We know only a few incidental details about the internal comforts of the White Hart inns. The majority of the guests slept in large rooms, on couches or wooden bedsteads. Only a few very important grandees were accorded a private camera. The bed was a long sack-like mattress stuffed with straw or hay; great folk would carry with them their own bed on their journeys. Most people lay in their ordinary clothes on the bed, though counterpanes and linen were just coming into use. Carpets were chiefly employed like tapestry for hanging on the walls and diminishing the continual draughts. The women had their special apartments; the serving men slept on the rushes of the hall, while the grooms were left to make the best of stable and barn. Meals were taken at fixed hours, at a long movable table on trestles in the hall, guests and servants sitting down together, but placed according to rank.

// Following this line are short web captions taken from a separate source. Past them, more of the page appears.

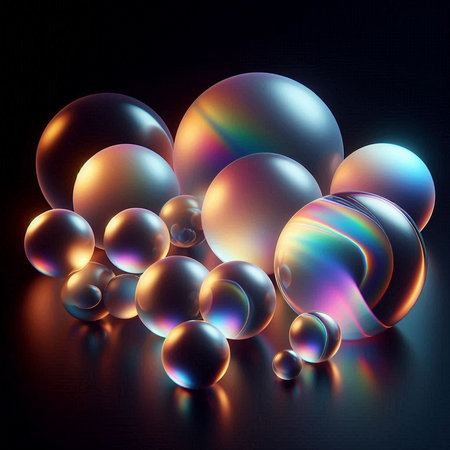 Abstract background with transparent spheres. 3d rendering, 3d illustration.の素材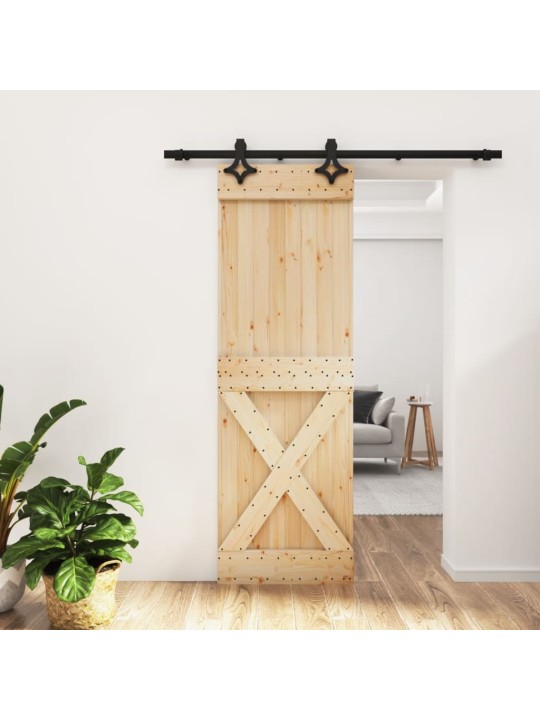 Posuvné dveře s kováním 70 x 210 cm masivní borové dřevo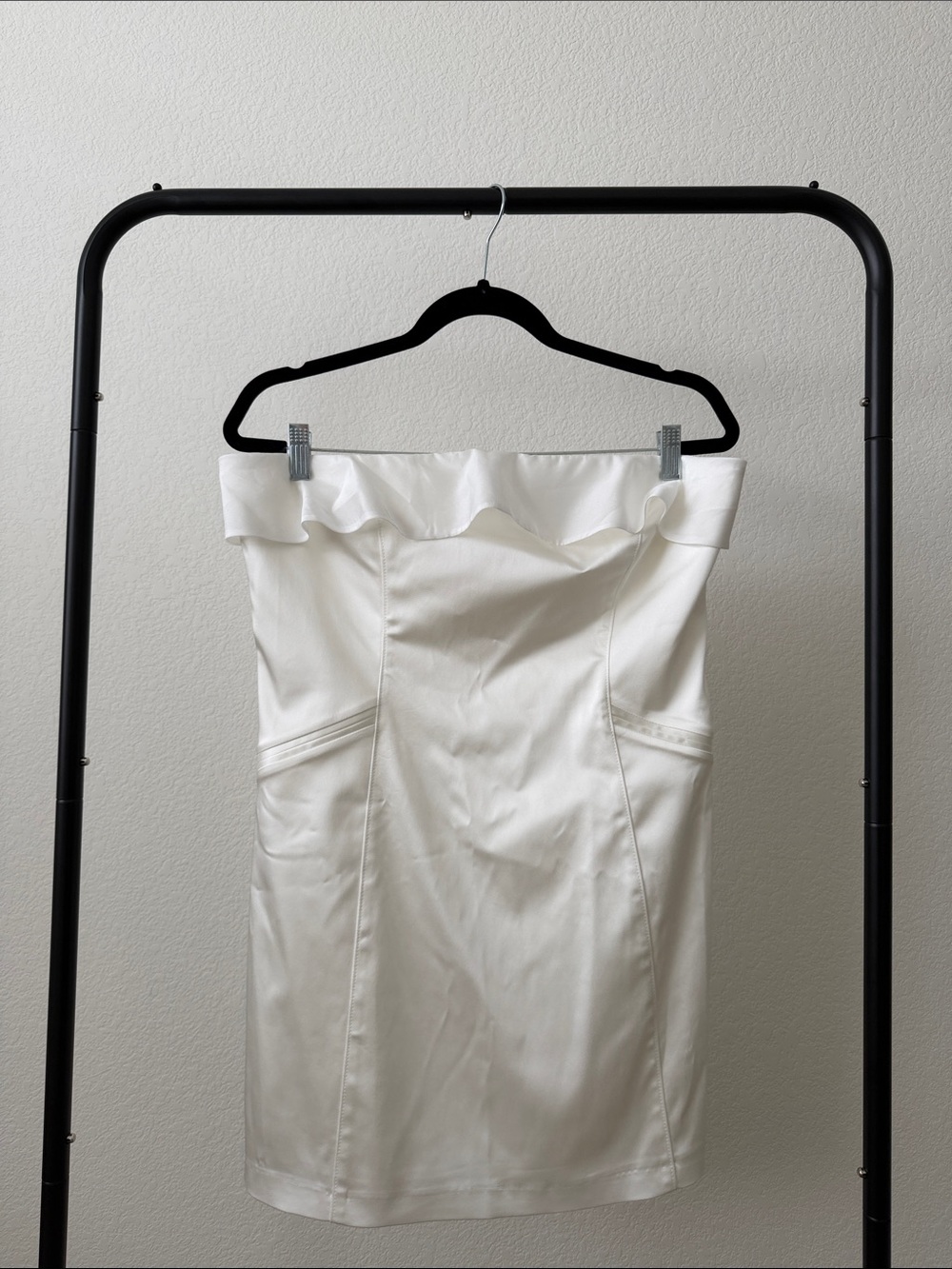 BHLDN White Strapless Mini Dress with Ruffle Trim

Some of the dishes would not commend themselves to fastidious moderns, but at least, there was never any lack of good wholesome fare; loaves, joints and meat pasties all on a gargantuan scale. Wines of British as well as foreign extraction competed with the nut brown ale. Essex was in those days the vineyard of England.
How much we have fallen off in the capacity of our stomachs from the good old times of open-air life and daily exercise on horseback may be judged from the following allowance of provisions granted to Lady Lucy, one of the maids of honour to Queen Katherine of Aragon:
“Breakfast—A chine of beef, a loaf, a gallon of ale.
Luncheon—Bread and a gallon of ale.
Dinner—A piece of boiled beef, a slice of roast meat, a gallon of ale.
Supper—Porridge, mutton, a loaf, and a gallon of ale.”